E. Discussion on Operational Engineering Rules

For the sake of the transferability of our approach, this subsection is dedicated to discussing the implication of the obtained results, as well as the limitations of the analysis in the context of future research and innovation projects. Indeed, beyond the methodological aspects, some operational questions can arise when employing the proposed approach, as will be discussed in what follows.

Regarding the balise location along the track, we adopted the following generic rule: we assume that there is one balise (physical or virtual) by block section and balises are placed at the beginning of each block. Indeed, there is no standard regarding installation engineering rules for balises, and no guidelines regarding these aspects can be found in the scientific or technical literature. Also, based on some discussions with railway experts, we could infer that balises were today placed in a very heterogeneous way.
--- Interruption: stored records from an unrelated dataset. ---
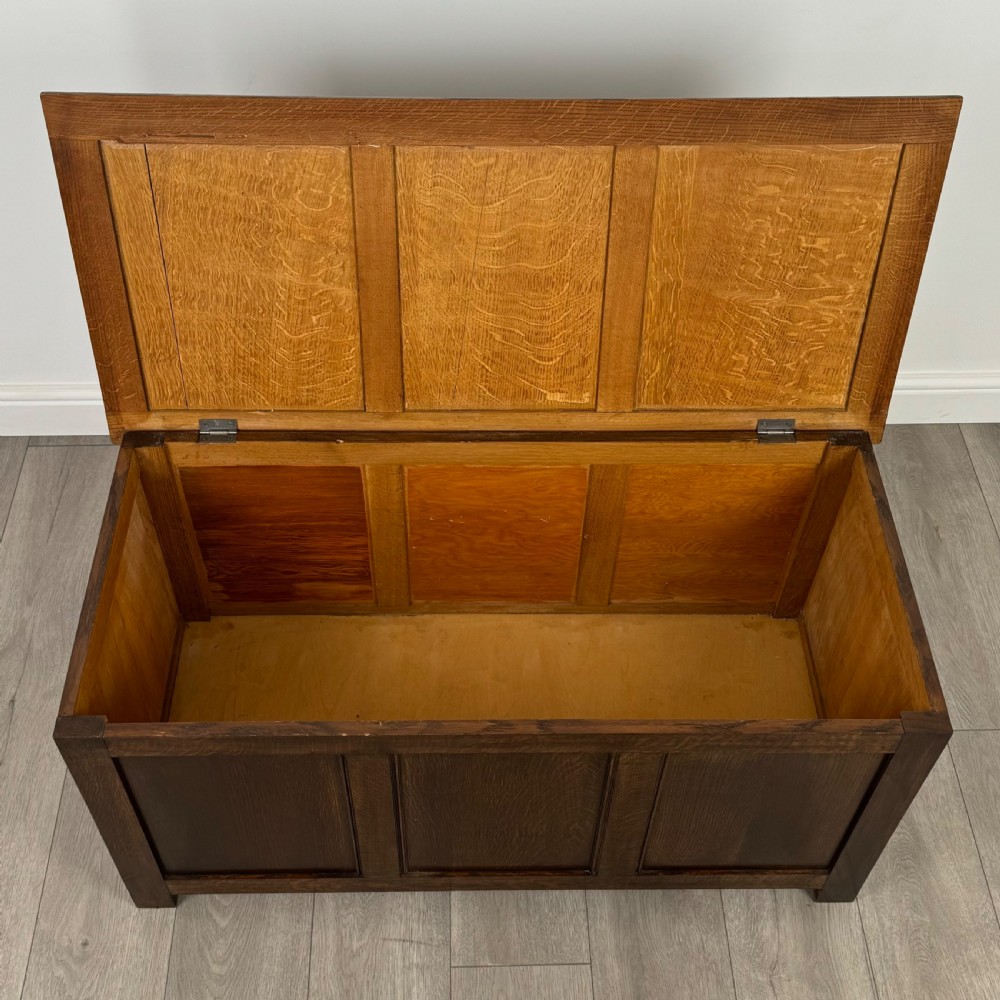  Antique 20th Century Blanket Box In Oak  View X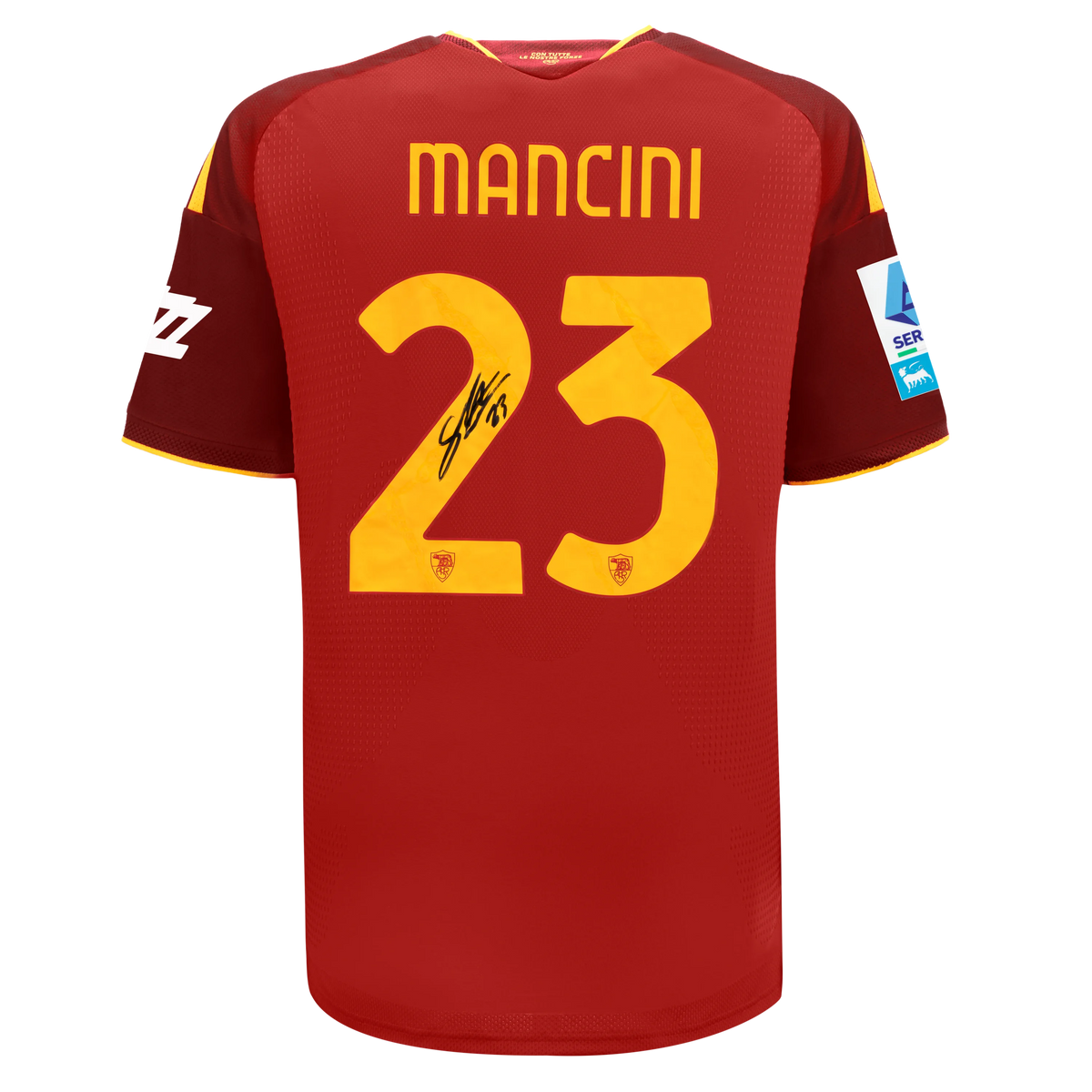 Maglia Match AS Roma Home Authentic 2026/27 – Autografata Gianluca Mancini + Patch Serie A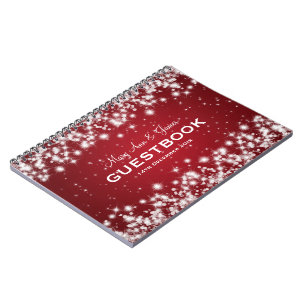 Wedding Guestbook Winter Sparkle Red Notebook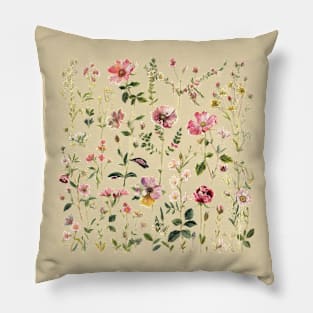 Boho Wildflowers Cottagecore Pillow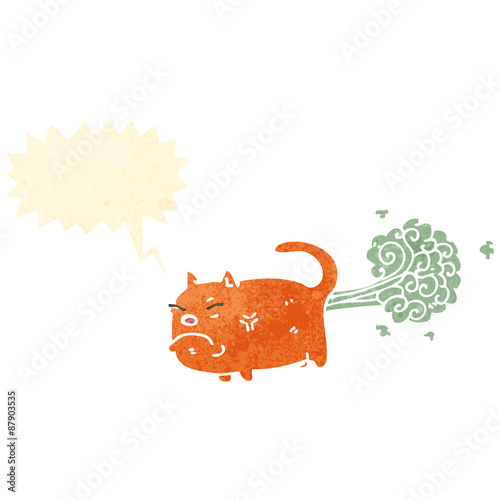 retro cartoon farting cat
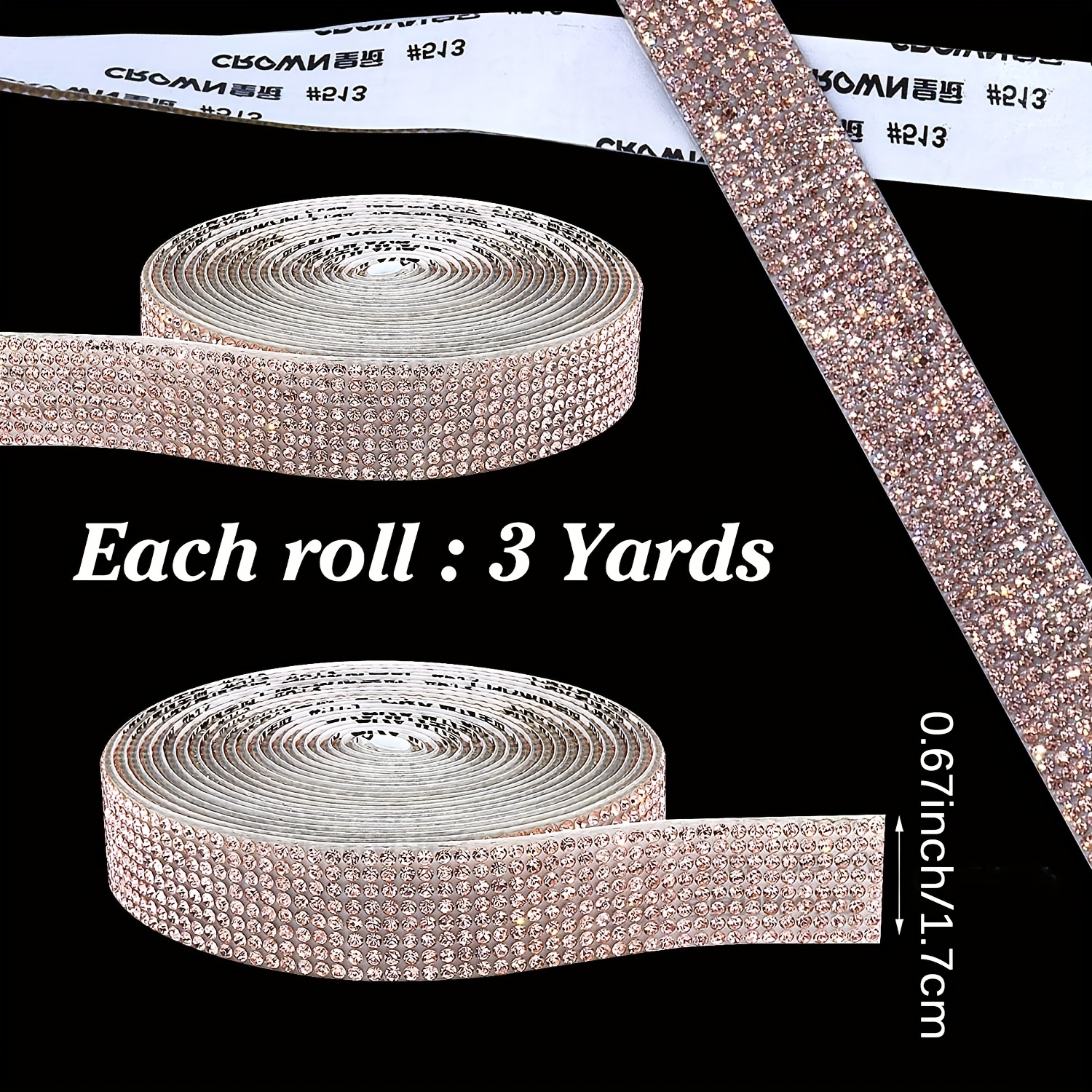 Self-Adhesive Rhinestone Trim Tape Diamond Ribbon DIY Strips Sticker 1 Meter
The location of balises can be chosen for historical reasons related to the line, for topographical reasons, due to possible interference with other balises or conductive materials in the vicinity, or also for some maintenance considerations often related to the inspection of other trackside equipment in parallel. Indeed, for practical purposes, it is better to regroup all equipment in an easily accessible area where all devices can be inspected without moving monitoring/repair apparatuses from one place to another. Moreover, “beaconage plans” do exist especially in the case of new lines, but they are naturally not shared for security reasons and are the properties of the suppliers and the organization that operates the railway line. Therefore, they cannot be analyzed to infer some generic engineering rules.

Nowadays, requirements on physical balises exist in ETCS [59], and are referred to as FFFIS (Form-Fit Functional Interface Specification), which are concretely technical requirements on the balises. These specifications include the following installation requirement types for such devices: tolerances for balise installation and mounting on the track, balise installation in narrow curves, the distance between consecutive balises in a Balise Group (BG), the grouped data of balises in a BG providing the reference position to the train. However, it can be noticed that they only refer to local installation rules and not to global rules related to a line, and operating performances are not considered. The contribution discussed in the present paper therefore ambitions to help provide a practical answer to this global aspect.

Besides, considering Virtual Balises (VB), allows some local physical installation constraints to be overlooked. However, it should be noted that the use of GNSS technologies for ensuring the train localization function based on VB induces some other considerations of VB placing, i.e., they have to be found in locations where GNSS signal reception conditions are optimal or, at least, associated with well-controlled error models. These optimal places have to be determined based on tests and analyses that do need to be performed with the help of GNSS experts. Consequently, a VB can be placed further in a block section rather than at its beginning.